Rehabilitation is an integral part of PRP treatment. Without appropriate mechanical loading, the growth factors released by PRP may not be effectively directed into functional tissue repair. A phased approach is recommended. Phase 1 (first 1–2 weeks): relative rest, ice, and gentle range-of-motion exercises; avoid heavy loading. Phase 2 (weeks 2–6): isometric strengthening, progressing to eccentric loading as tolerated. For Achilles tendinopathy, this often involves heel-drop eccentric exercises. Phase 3 (weeks 6–12): sport-specific training, plyometrics, and gradual return to full activity. The entire process typically requires 8–16 weeks before return to pre-injury sport, though this varies by injury severity and sport demands. Compliance with rehabilitation is strongly associated with successful outcomes.
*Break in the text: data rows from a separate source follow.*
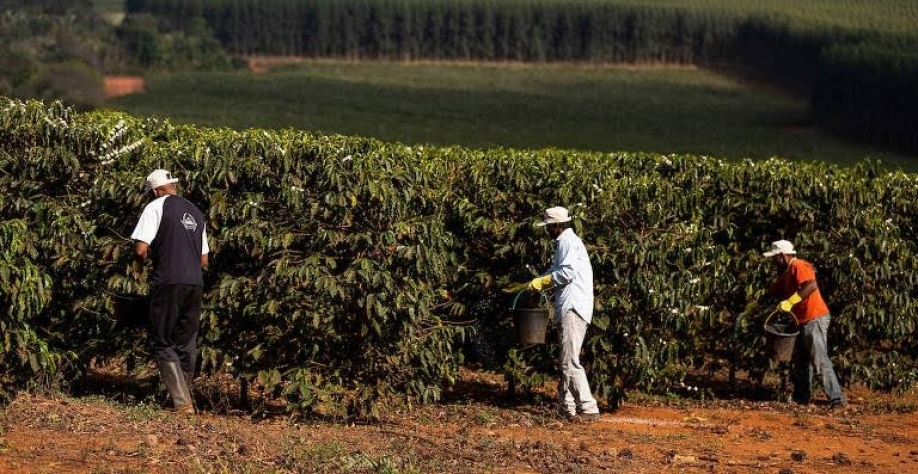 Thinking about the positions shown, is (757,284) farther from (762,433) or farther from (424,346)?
(424,346)

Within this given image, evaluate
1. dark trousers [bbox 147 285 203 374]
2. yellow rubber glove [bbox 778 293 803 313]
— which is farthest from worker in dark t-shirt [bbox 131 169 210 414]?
yellow rubber glove [bbox 778 293 803 313]

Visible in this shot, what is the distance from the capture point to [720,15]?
102 metres

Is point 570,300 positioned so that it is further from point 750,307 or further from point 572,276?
point 750,307

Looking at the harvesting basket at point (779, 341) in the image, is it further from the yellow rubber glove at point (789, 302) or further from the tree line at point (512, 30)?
the tree line at point (512, 30)

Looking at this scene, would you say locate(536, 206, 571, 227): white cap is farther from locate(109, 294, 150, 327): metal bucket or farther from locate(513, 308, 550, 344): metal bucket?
locate(109, 294, 150, 327): metal bucket

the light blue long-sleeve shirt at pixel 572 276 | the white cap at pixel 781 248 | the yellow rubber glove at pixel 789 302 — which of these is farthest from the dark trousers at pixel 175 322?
the white cap at pixel 781 248

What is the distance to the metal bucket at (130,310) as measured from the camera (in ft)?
36.4

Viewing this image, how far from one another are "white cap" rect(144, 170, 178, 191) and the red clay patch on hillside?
250ft

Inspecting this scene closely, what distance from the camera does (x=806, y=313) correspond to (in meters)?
14.0

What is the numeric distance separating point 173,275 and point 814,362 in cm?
640

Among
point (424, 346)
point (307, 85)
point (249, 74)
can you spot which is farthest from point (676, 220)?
point (249, 74)

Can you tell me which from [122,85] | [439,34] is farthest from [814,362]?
[439,34]

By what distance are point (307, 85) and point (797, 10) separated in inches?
1326

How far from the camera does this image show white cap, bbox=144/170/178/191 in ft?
35.9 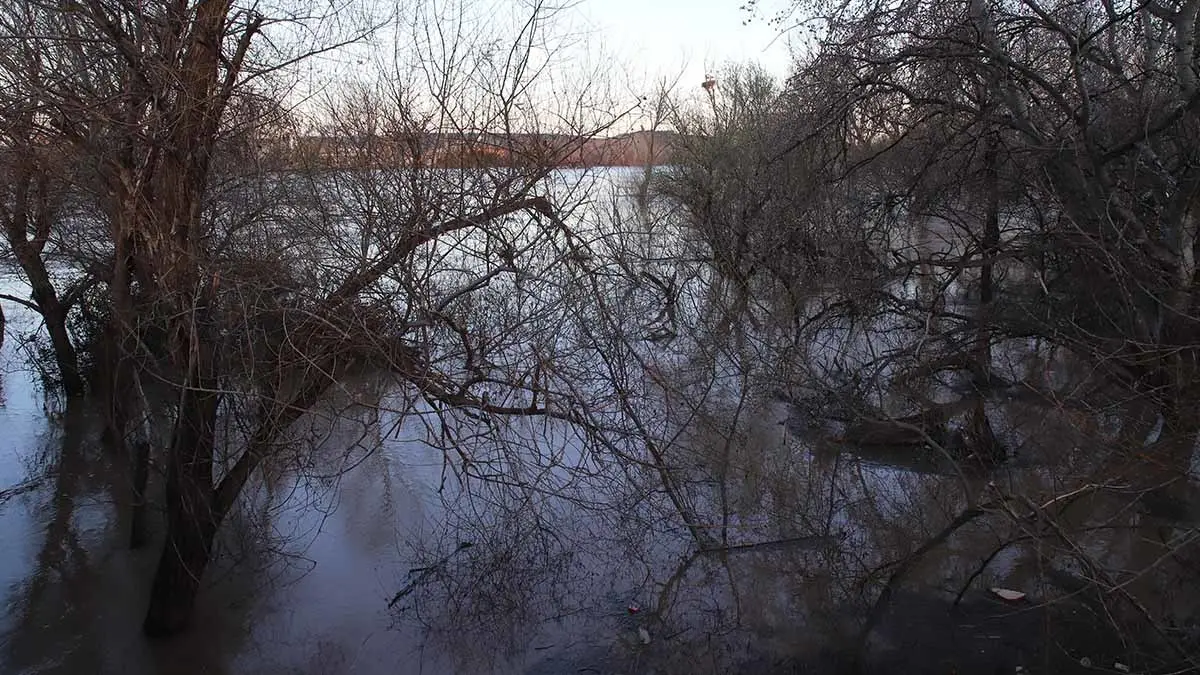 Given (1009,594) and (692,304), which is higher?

Future Directions and Standardization

The future of PRP therapy lies in precision and personalization. Advances in platelet quantification and characterization—such as measuring growth factor concentrations or using platelet microRNAs—may allow clinicians to tailor treatment to specific injuries and patients. Studies are exploring combining PRP with hyaluronic acid, stem cells, or scaffold materials to enhance efficacy. Another promising direction is the use of autologous conditioned plasma (ACP) or other modern preparation systems that yield more consistent leukocyte and platelet profiles. Large, multicenter RCTs with standardized protocols are urgently needed to resolve controversial areas, especially for rotator cuff and Achilles injuries. Additionally, centralized outcome registries tracking PRP formulation, injury type, and rehabilitation compliance would help guide evidence-based practice. For now, clinicians must integrate the best available evidence, patient preferences, and clinical experience. The decision to try PRP should be a shared one between athlete, coach, and medical team, with clear expectations about the timeline and the critical importance of rehabilitation.

Conclusion

Platelet-rich plasma therapy is a promising but imperfect tool for managing tendon injuries in athletes. The strongest evidence supports its use for chronic lateral epicondylitis and patellar tendinopathy, with moderate evidence for Achilles tendinopathy and selected cases of rotator cuff tendinopathy. Outcomes are influenced by PRP preparation methods, injection technique, injury chronicity, and—most importantly—adherence to structured rehabilitation. While PRP is not a guaranteed solution and the literature continues to evolve, it has become a valuable part of the sports medicine armamentarium. As research advances toward standardized protocols and larger clinical trials, the role of PRP will become better defined. Athletes considering PRP should consult with an experienced sports medicine physician who can evaluate the specific injury, discuss current evidence, and design a comprehensive treatment plan that integrates the best available science with the athlete’s unique goals.